Design the event processing with the editor

To design your event processing with the event processor editor:

  1. Add a Lakehouse destination and enter the necessary parameters in the right pane. (See Add and manage a destination in an eventstream for detailed instructions. )

  2. Select Open event processor. The Event processing editor screen appears.

    Screenshot showing where to select Open event processor in the Lakehouse destination configuration screen.

  3. In the Event processing editor canvas, select the eventstream node. You can preview the data schema or change the data type in the right Eventstream pane.

    Screenshot showing the data schema in the right pane of the Event processing editor screen.

  4. To insert an event processing operator between this eventstream and destination in the event processor editor, you can use one of the following two methods:

    1. Insert the operator directly from the connection line. Hover on the connection line and then select the "+" button. A drop-down menu appears on the connection line, and you can select an operator from this menu.

      Screenshot showing where to hover on connection line to insert a node.

    2. Insert the operator from ribbon menu or canvas.

      1. You can select an operator from the Operations menu in the ribbon. Alternatively, you can hover on one of the nodes and then select the "+" button if you have deleted the connection line. A drop-down menu appears next to that node, and you can select an operator from this menu.

        Screenshot showing where to select an operator from the Operations menu.

        Screenshot showing where to hover on nodes to insert a node.

      2. Finally, you need to reconnect these nodes. Hover on the left edge of the event stream node, and then select and drag the green circle to connect it to the Manage fields operator node. Follow the same process to connect the Manage fields operator node to the lakehouse node.

        Screenshot showing where to connect the nodes.

  5. Select the Manage fields operator node. In the Manage fields configuration panel, select the fields you want to output. If you want to add all fields, select Add all fields. You can also add a new field with the built-in functions to aggregate the data from upstream. (Currently, the built-in functions we support are some functions in String Functions, Date and Time Functions, Mathematical Functions. To find them, search on "built-in.")

    Screenshot showing how to configure the operator.

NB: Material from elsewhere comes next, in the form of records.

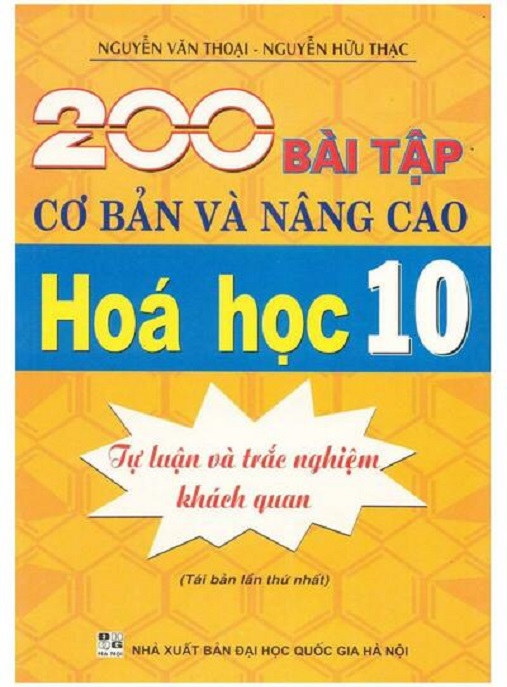 Học Liệu Số 200 Bài Tập Cơ Bản Và Nâng Cao Hóa Học Lớp 10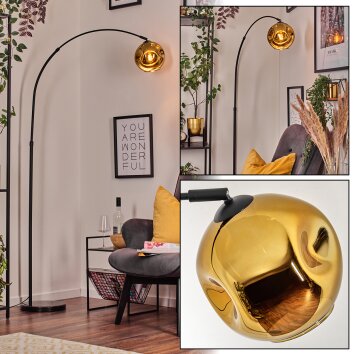 Ripoll Lampada da terra, Lampade ad arco Nero, 1-Luce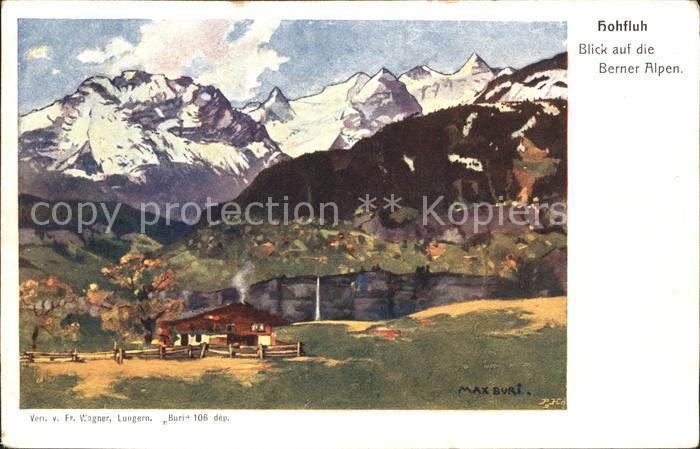 Hohfluh Bruenig BE Blick auf die Berner Alpen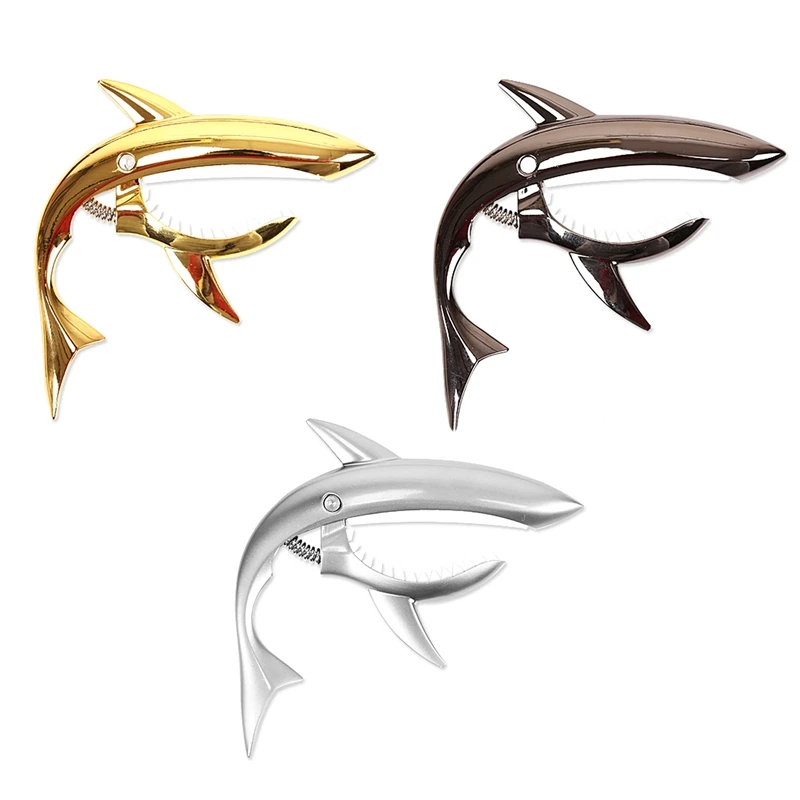 Гитара из цинкового сплава Capo Shark Capo для электрической гитары с хорошими ощущениями рук, без Лада, звуковой и прочный
Гитара из цинкового сплава Capo Shark Capo для электрической гитары с хорошими ощущениями рук, без Лада, звуковой и прочный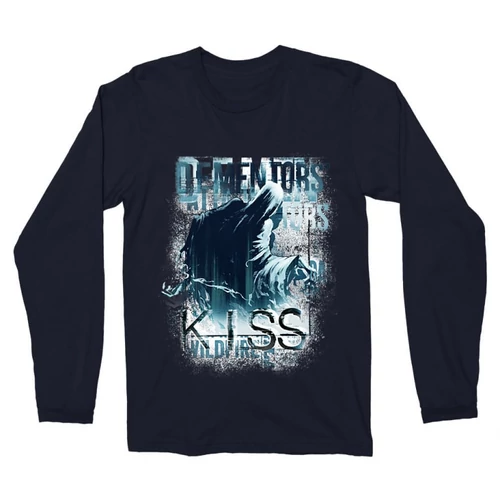 Sötétkék Harry Potter férfi hosszú ujjú póló - Dementor' s Kiss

  6. After you have configured the Manage fields operator, select Refresh static preview to preview the data this operator produces.

    Screenshot showing how to preview data in the event processor editor.

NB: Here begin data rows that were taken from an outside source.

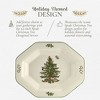Spode Christmas Tree Octagonal Server, 9.5 Inch Serving Tray for Swerving Vegetables, Chicken, Dinner, Made of Earthenware - 3 of 4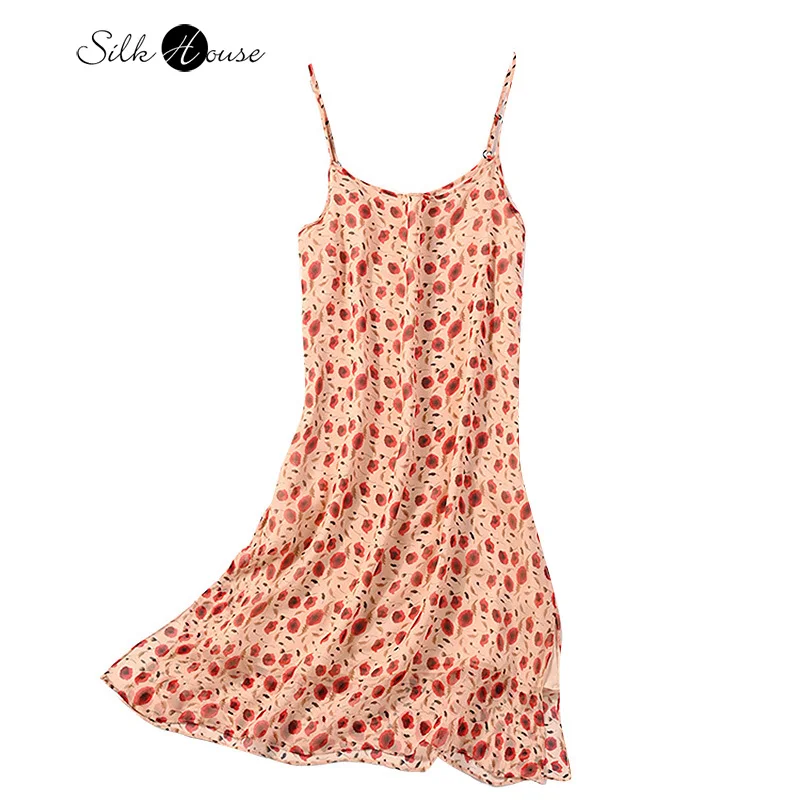 2022 Summer Women's Fashion New Double-layer Silk Suspender Skirt 100% Natural Mulberry Silk Elegant Printing Versatile Dress
2022 Summer Women's Fashion New Double-layer Silk Suspender Skirt 100% Natural Mulberry Silk Elegant Printing Versatile Dress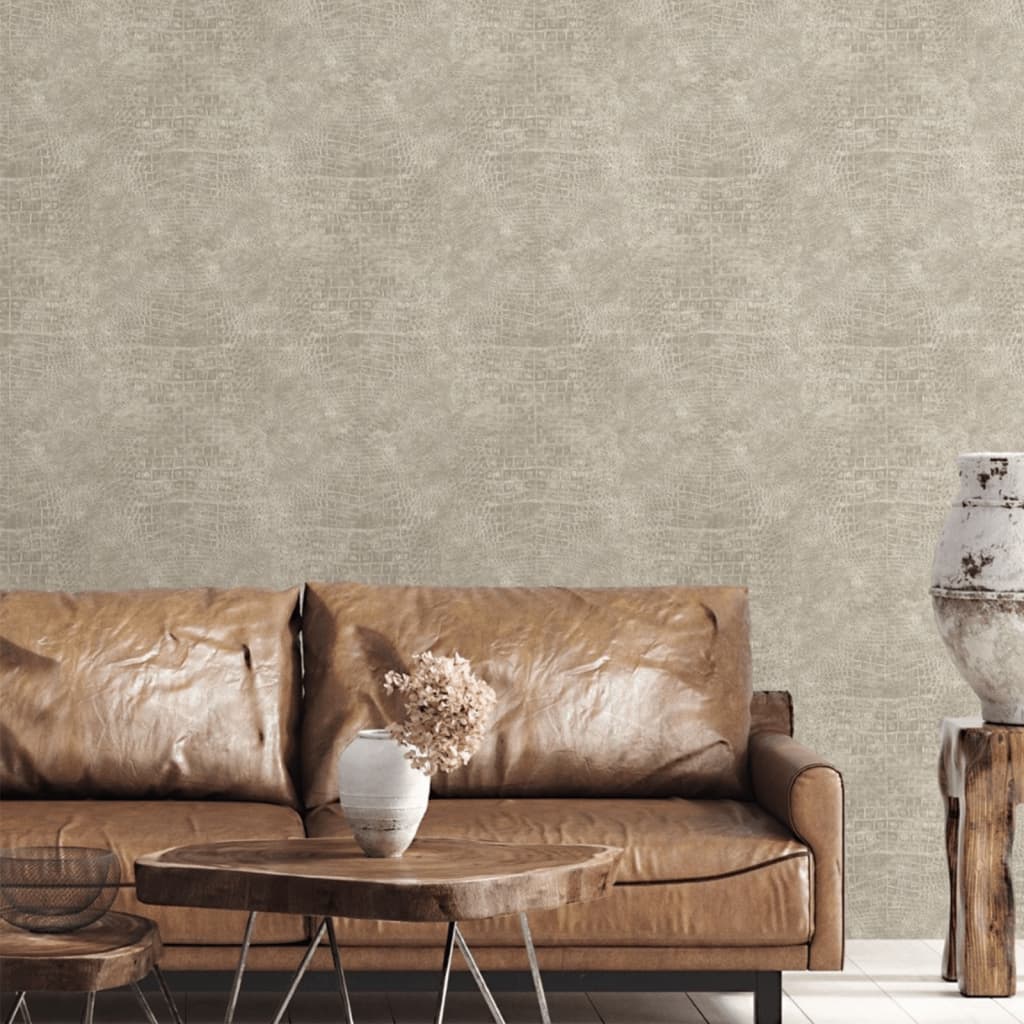 North Wall Wallpaper Croco Beige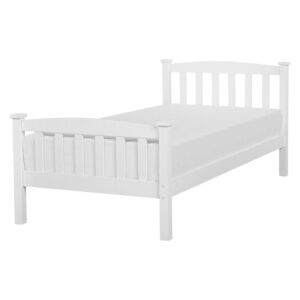 Jednolôžková posteľ 90 cm GERNE (s roštom) (biela). Akcia -8%. Vlastná spoľahlivá doprava až k Vám domov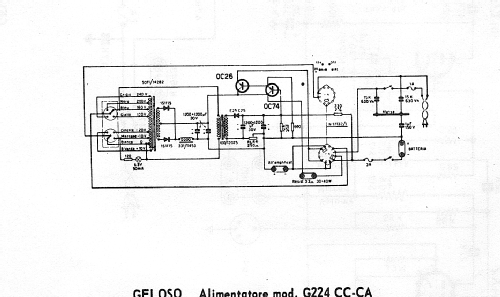 Alimentatore G224; Geloso SA; Milano (ID = 2611776) Strom-V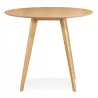 Table à manger ronde design scandinave ALICIA (Ø 90 cm) (naturel)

  7. If you have any configuration errors, they appear in the Authoring error tab in the bottom pane.

    Screenshot showing the authoring error tab in event processor editor.

  8. If your previewed data looks correct, select Done to save the event processing logic and return to the Lakehouse destination configuration screen.

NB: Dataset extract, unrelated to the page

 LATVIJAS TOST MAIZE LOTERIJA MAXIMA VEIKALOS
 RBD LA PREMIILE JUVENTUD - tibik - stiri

  9. Select Add to complete the creation of your lakehouse destination.

Event processor editor

The Event processor enables you to transform the data that you're ingesting into a lakehouse destination. When you configure your lakehouse destination, you find the Open event processor option in the middle of the Lakehouse destination configuration screen.

Screenshot showing where to open the event processor editor.

Selecting Open event processor launches the Event processing editor screen, where you can define your data transformation logic.

The event processor editor includes a canvas and lower pane where you can:

  • Build the event data transformation logic with drag and drop.
  • Preview the data in each of the processing nodes from beginning to end.
  • Discover any authoring errors within the processing nodes.

The screen layout is like the main editor. It consists of three sections, shown in the following image:

Screenshot of the Event processing editor screen, indicating the three main sections.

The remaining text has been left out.